Tackling relations with the PSOE in an intelligent, non-religious manner has always been much more productive for Podemos than obsessive negativity and headlong clashes. That approach has been characterised by confronting the PSOE on the least opportune questions and at the least opportune moments, helping its most intransigent sectors dig their people in against political change[1] …The obsession with the Socialist Party has more to do with outstanding [political] debts a part of the left in our country feels it is owed than with the aspirations and ambitions Podemos should have in this new phase.

But what, concretely, was Recuperar La Ilusión proposing? The platform’s political document nowhere addressed the terms on which Podemos should take part in government with its older rival, even while proposing a line of action (“to affirm our clear and unambiguous calling for government”) that immediately begged that question and even while stating that “at the present moment Podemos is losing precious time in not taking advantage of the PSOE’s existential crisis to form a new majority in our country.”

Recuperar La Ilusión’s starting point was that, since “our ideas, our proposals for the country are broadly shared by the citizens, are already hegemonic in society” the task for Podemos was to “convert that widespread social majority into political majority.” A presumable by-product of that process would be a deepening of the crisis of the PSOE, leading to its eventual subordination to a new Spanish political agenda embodied in Podemos. But, again, the document was silent on the tactics towards the PSOE that might help speed that process.

The basic postulate of Recuperar La Ilusión—that Podemos’s ideas already have majority social support—also went with a view of the ruling Spanish PP government of Mariano Rajoy as “weak”.

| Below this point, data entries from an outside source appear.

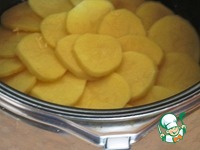 �����������-������� ��������� �����������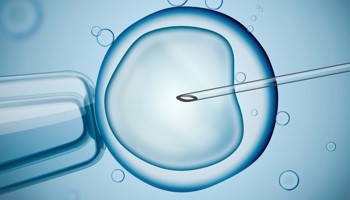 Embryo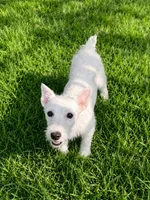 Trio, a female Jack Russell Terrier for sale in Crown City, OH – 2 of 3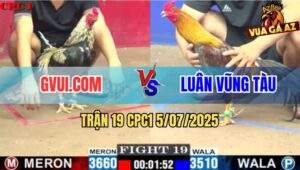 Trận 19 CPC1 5/7/2025 - Gà Chuối GVUI.COM Chuyển Bại Thành Thắng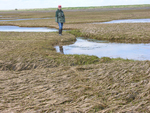 salt marsh pools draining by Joseph Kelley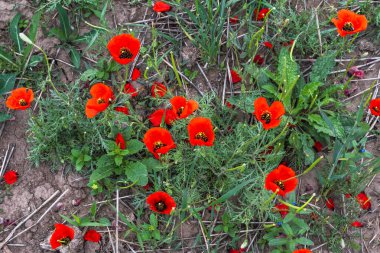 Çayırda kırmızı gelincikler, yakın plan, üst manzara. Çayır çiçekleri. Seçici odak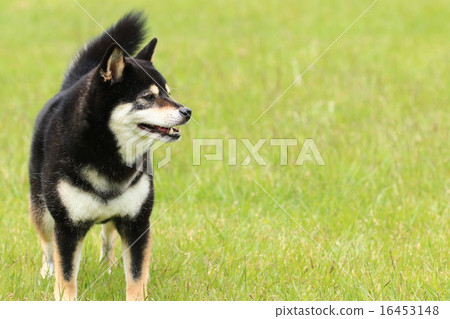 規劃是 規劃是 16453148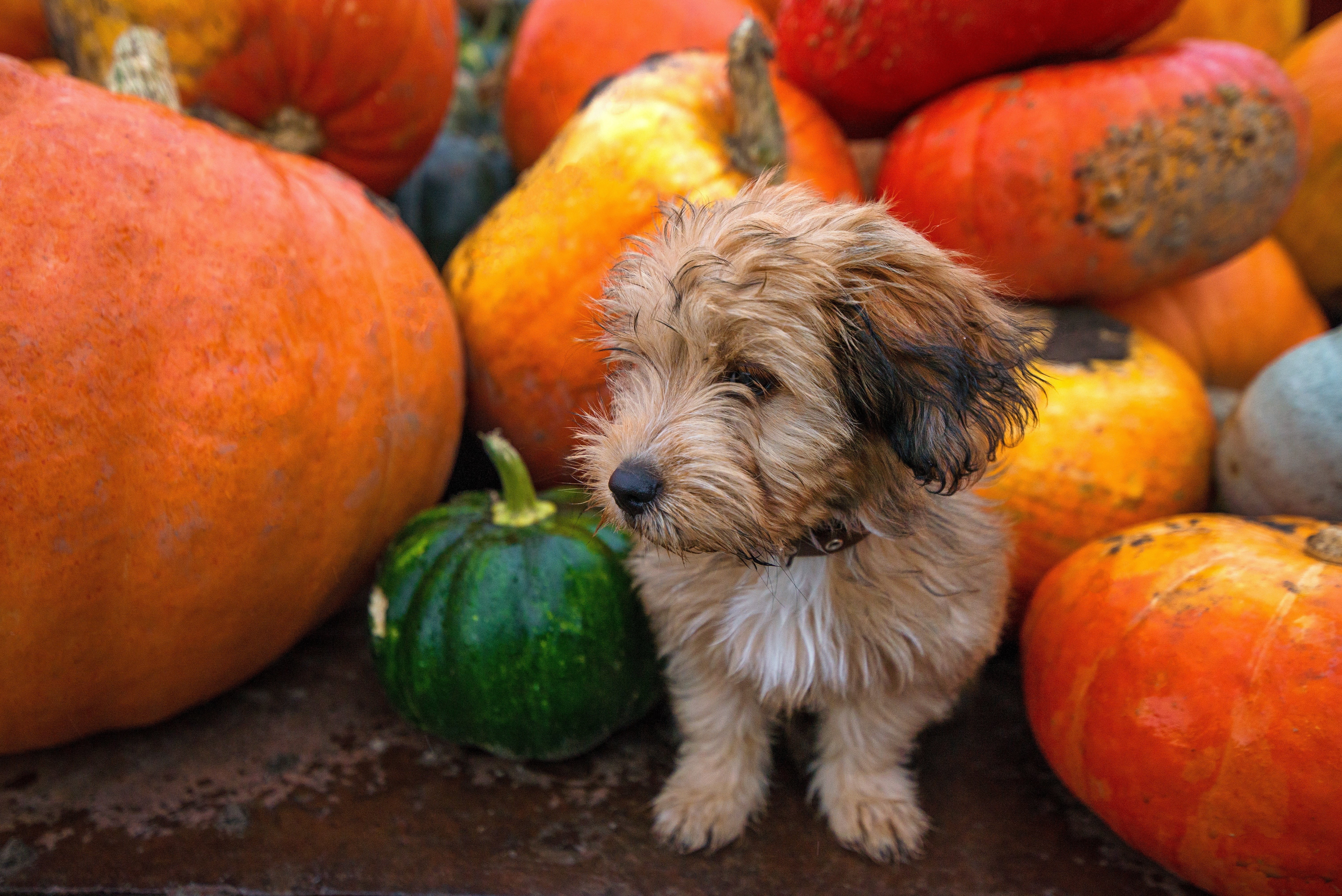 Pumpkin for Pets? Nom Nom Nom!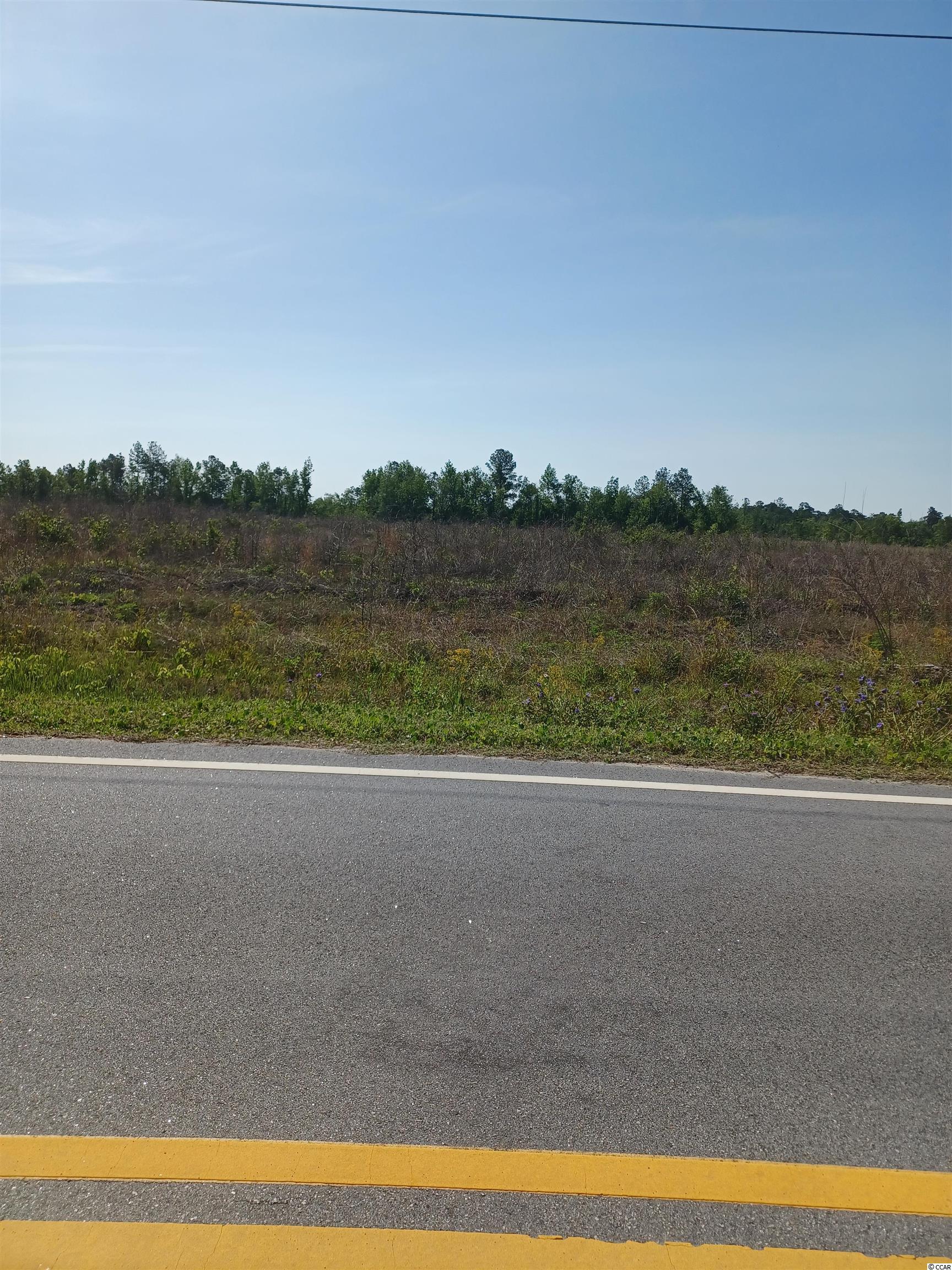 Lot 10 Mw Stroud Road Nichols, SC 29581 - Photo 1 of 1 Gallery Image 1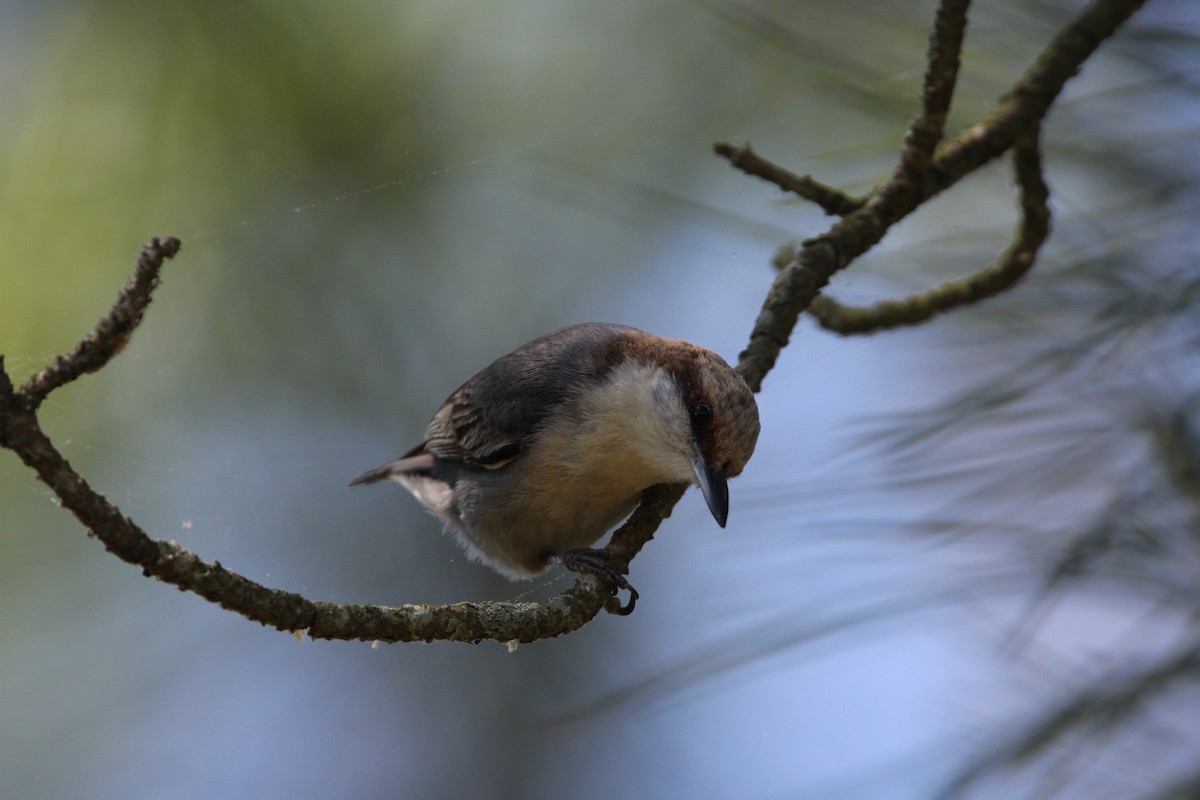 Brown-headed Nuthatch - ML619459500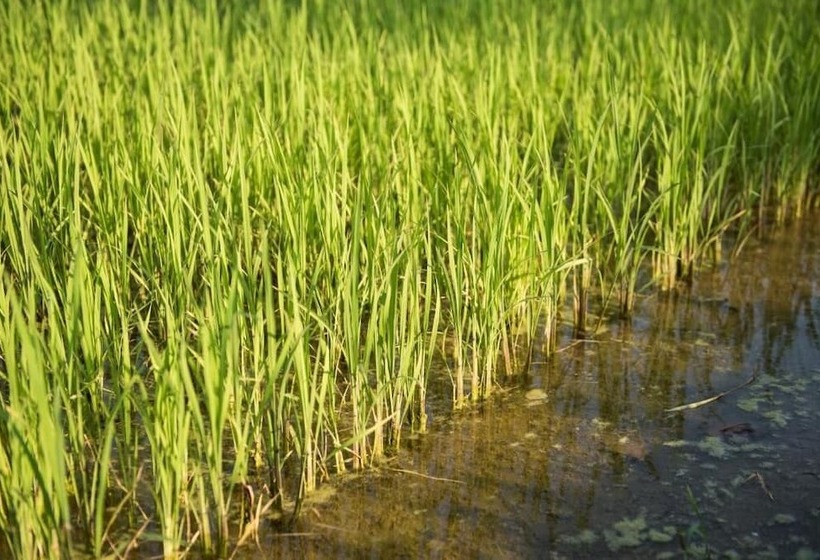 בית מלון כפרי Azienda Agricola Le Colombare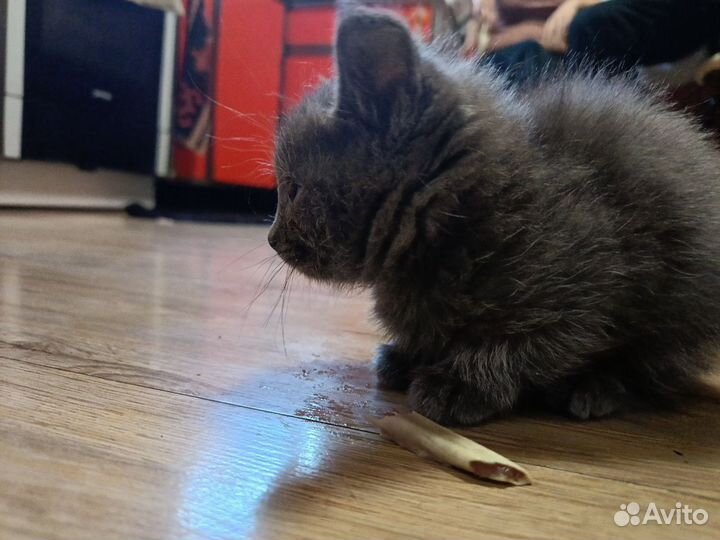 Котята в дар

Our reading of the moment rests on the thesis that we have a government in the Spanish state precisely because the two-party system has broken down [due to the PSOE allowing the PP to govern by its own abstention]. The Rajoy government is weaker than it appears and the crisis of the regime is still open: the proof of that is that for the first time “governability” and “stability of the party system” are contradictory terms. This justifies a basic commitment: Podemos needs to be a political force that is more open, not centred on resistance, but seizing the new opportunities of the new cycle to carry out the tasks of turning itself into a force for government and “people-building” (construir pueblo).[2]

The Errejón current´s nutshell summary of its reading of the political situation and of Podemos’s tasks states:

[W]e find ourselves in a scenario in which we can keep advancing provided that we:

1.     Don’t fritter away any more time, nor believe that the defeat of any of the traditional parties will be forever or that they will do our work for us;

2.     Recover the initiative by showing that we are capable of putting pressure on government, of heading up agreements or of putting issues on the national agenda (energy transition, struggle against sexist violence, social rights, conditions of the self-employed and small business, young people in exile, etc) which show that we are a coming political force with leadership capacity, at the same time as creating a new state of political affairs and generating certainties and assurances;

3.     Recognise that within the institutions we cannot just call for the advent of change, but show ourselves to be useful now, given that if they want to trap us and hem us in in parliament we have to break out of the circle by showing more and better initiative;

4.     Recover an inclusive message that leaves the right/left tickets labels behind—not in order to give anything up but because it understands that popular unity is more ambitious, radical and change-inducing than the unity of the left: of course it includes the traditional left, but it goes beyond;

5.     Recover the ability to engage with and attract the most varied sectors: we can’t be a political force that is de facto associated with specific social, geographical and age profiles, that willingly shuts itself off, talking only to the sectors most battered by the crisis: rather we need to recover the line of a patriotic people’s force, that talks to people without asking where they are coming from;

6.     Reaffirm our clear and unambiguous calling for government. This isn’t just a question of words, but of our practice: we’re the people who represent a new order as against the shambles and bungling of the powers-that-be, we bring good practice and certainty instead of the fear and uncertainty generated by the rulers: we need to behave as if we were already putting into practice the country that is emerging and of which we shall be in charge. We shall only govern if Spain beforehand can imagine us governing. This has nothing to do with any concession towards the form and content of the traditional parties. Historically, nothing has frightened the powers-that-be less than noisy minority protest. And nothing has caused them more anxiety than projects capable not only of expressing people’s outrage but of winning their confidence. The only force that is radical is one capable of winning power in order to implement change. To have their second transition the oligarchs require an impotent, folkloric left. The only force that can deepen and successfully complete the process of unrestricted change and frustrate restoration is a broad popular movement that’s inclusive and democratic. Against the strength of rulers should be counterposed not the left but the majority of the ruled, in all their motley heterogeneity.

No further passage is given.